At first, I allowed myself to wonder whose ideas these were. Is my little fairy princess the existential boogeyman of kindergarten room 8 or was it her friend Marina?
That question was answered for me a few days later when she told me that in school that day during recess she had been spreading her secular gospel of the damned throughout her class. She had told Alexis and Velma about the end of existence. The lack of eternity. And, she said, “We all agreed.”
And, lo, the Peanut spoke from the monkey bars on high and proclaimed that death is final, and saw that it was good. And the people followed.
Meanwhile, the existence of Santa has been confirmed.
“Sometimes Marina and I talk about the Grinch and we wonder if he’s real.”
I shrug. “Oh yeah?”
She grins. “Yeah. Nobody knows. But Santa is real, though.”
So there you have it. The afterlife is a dream, but Santa is definitely coming and, in the Peanut’s head, he’s probably part fairy.
And I feel guilty about this in part, at least, because I’m an atheist. Let me qualify that a little. I’m not anti-God or even anti-religion. How can I be? I’m an atheist. I can’t be anti-something I don’t believe in. I mean I could, but what’s the point?
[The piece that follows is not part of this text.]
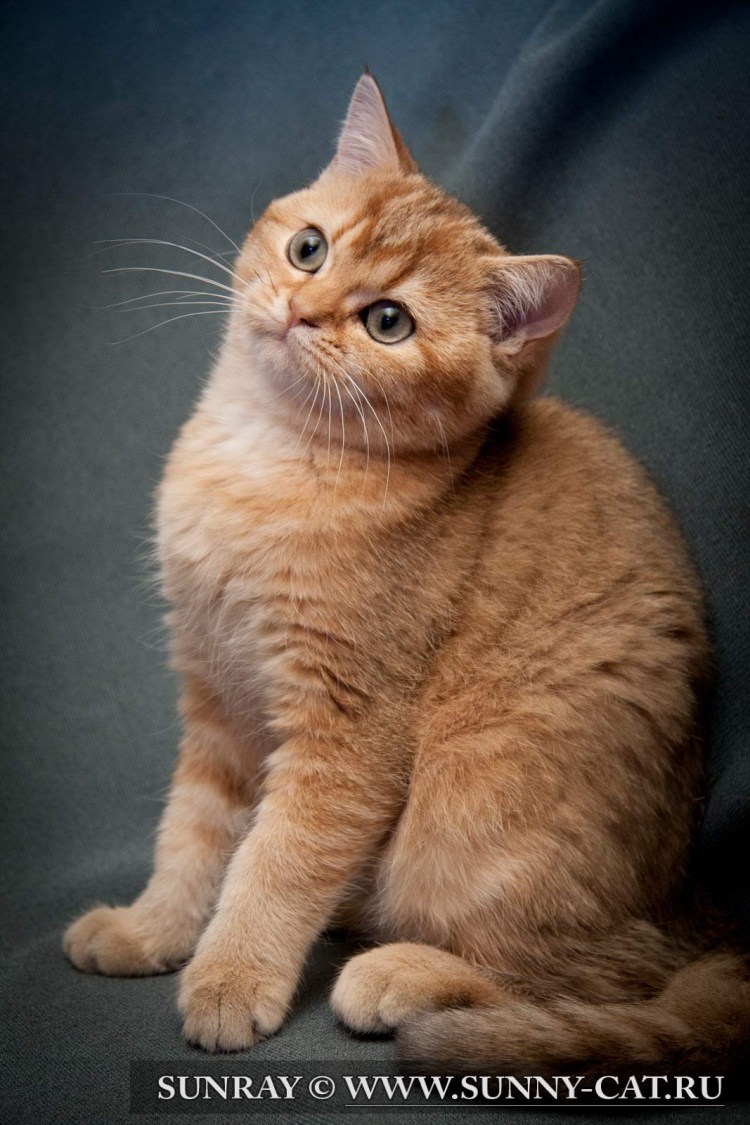 Рыжий британец котенок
Religion isn’t evil and it isn’t divine, it’s human.
And that belief, along with our willingness to talk about God in an objective way, to sing prayers during Rosh Hashanah and Hanukkah, to answer “we don’t know, nobody really does,” when the kids ask what happens when you die, to believe in Santa and fairies right along with them, says to me that we leave room for faith, we don’t deny them it. Nor would we. If they do end up atheists (Deniers of Gawd!), I’d rather it was something they came to themselves rather than for the reason most people have a given religion … because their parents do.
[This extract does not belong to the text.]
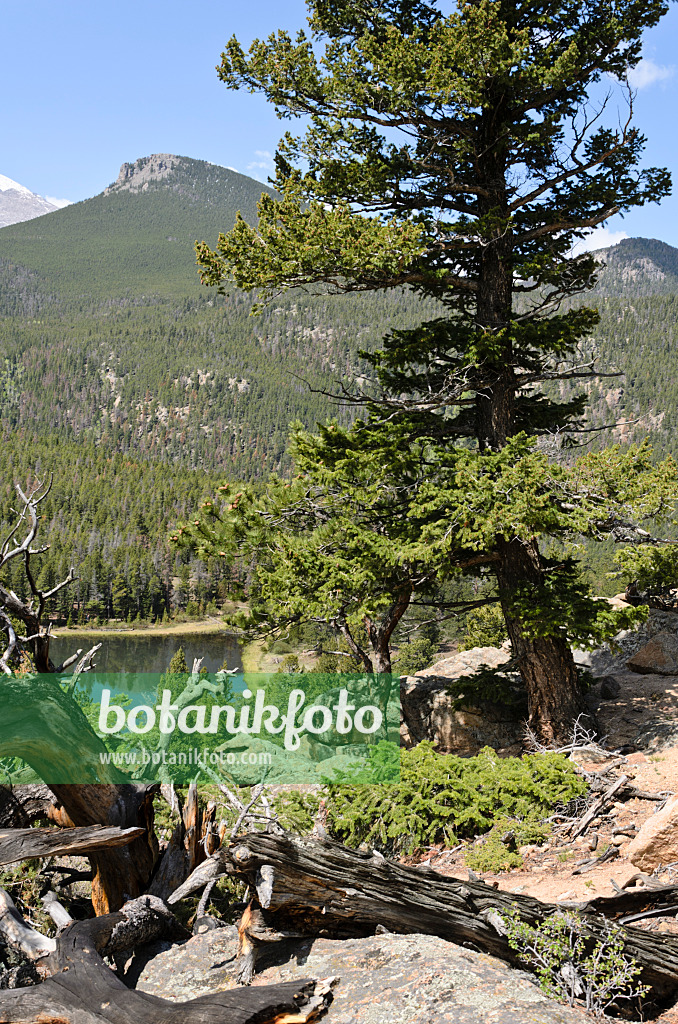 508351 - Drehkiefer (Pinus contorta), Rocky-Mountain-Nationalpark, Colorado, USA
Yet, there it is. Faith Denied.
So it really feels like lying when I play up Santa Claus. Really, really. Who am I to derail my tiny philosopher from her search for truth with my silly mythical bullshit?
I’m her dad, that’s who. And I guess if I’ve thus far failed her in terms of allowing her the room to experience religious faith, the least I can do is give her the space and encouragement to believe in a magical fat guy with genius Elven slaves and a sleigh that travels at near light speed solely through the power of reindeer farts.
And also, fairies are real. And the Glass Ceiling isn’t.
A version of this first appeared on Musings from The Big Pink.
Santa Claus death photo: flickr.com/Steve Jurvetson
Santa Clause says
Love the picture….couldn’t stop HO, HO, HOOOOing…..Hilarious….and the little girl,,,,such a sweet innocent little thing….now she is nothing more than damaged goods….oh well, needed to check one off the list anyway…..Merry Christmas and thanks for making my day!!!!!
John Marszalkowski says
Santa can be symbolism for giving without recieving. When Santa gives toys, the parents don’t get the thank you. And it’s important to teach children about giving without wanting something in return. Someday they grow old enough to realize it’s not litteral. Childish ideas of the afterlife can end up being symbolism for something, too, I guess. I have no idea.
“Goodnight my angel, now it’s time to dream and dream how wonderful your life will be. Someday your child may cry, and if you sing this lullaby, then in your heart there will always be a part of me.
Someday we’ll all be gone, but lullabies go on and on.
They never die, that’s how you and I will be.”